There were evening thunderstorms for the first few days at the beginning of the month, especially along the escarpment and between Mara Serena and Oloololo Gate. The unusually hot and dry weather towards the end of May and early June triggered an early onset of the migration, with large herds of zebra crossing into the Triangle from the 11th.
The Chief Executive met with Mr George Orr on the 2nd to discuss the Audit report on Earthview, a further meeting was held with him and the auditors for the 6th before the final report was produced.
The Chief Executive and Mr S Tunai met with Mr J Greene of Ridgeback on the 8th. Ridgeback is a security company that is offering to provide training and equipment to our staff.

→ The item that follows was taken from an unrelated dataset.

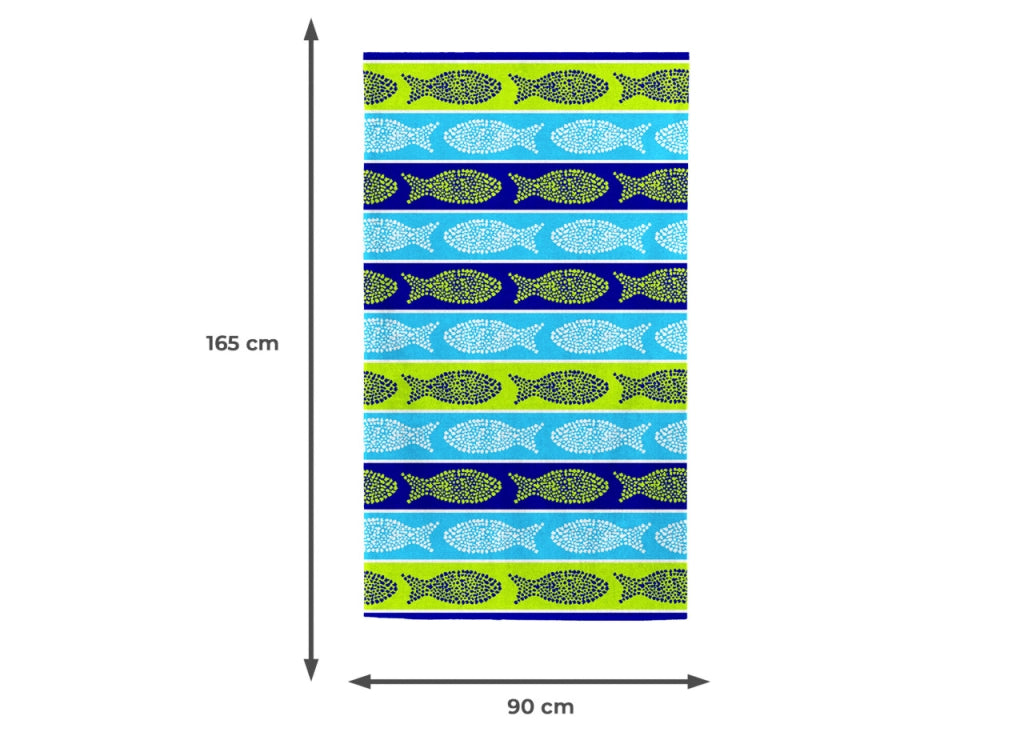 Telo Mare Jacquard Spugna Asciugamano Spiaggia Disegno Fish Pois - Telo Mare - Verde-Blu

The Chief Executive and Mr George Orr spent time with Taws Limited on the design for new park tickets that will become effective on July 1st. The new tickets have a number of security features that will make them difficult to forge and were delivered on the 28th June.
We ordered one new tractor, with a shovel and trailer and two new Land Rovers from the CMC Motor Group. The new Land Rovers should be ready for delivery in early July and the tractor by the end of July.
The tender committee sat through two presentations by potential consultants for the 10 year management plan on the 16th. Both consultants were very experienced in the production of management plans for protected areas but in the end the committee decided on CDC.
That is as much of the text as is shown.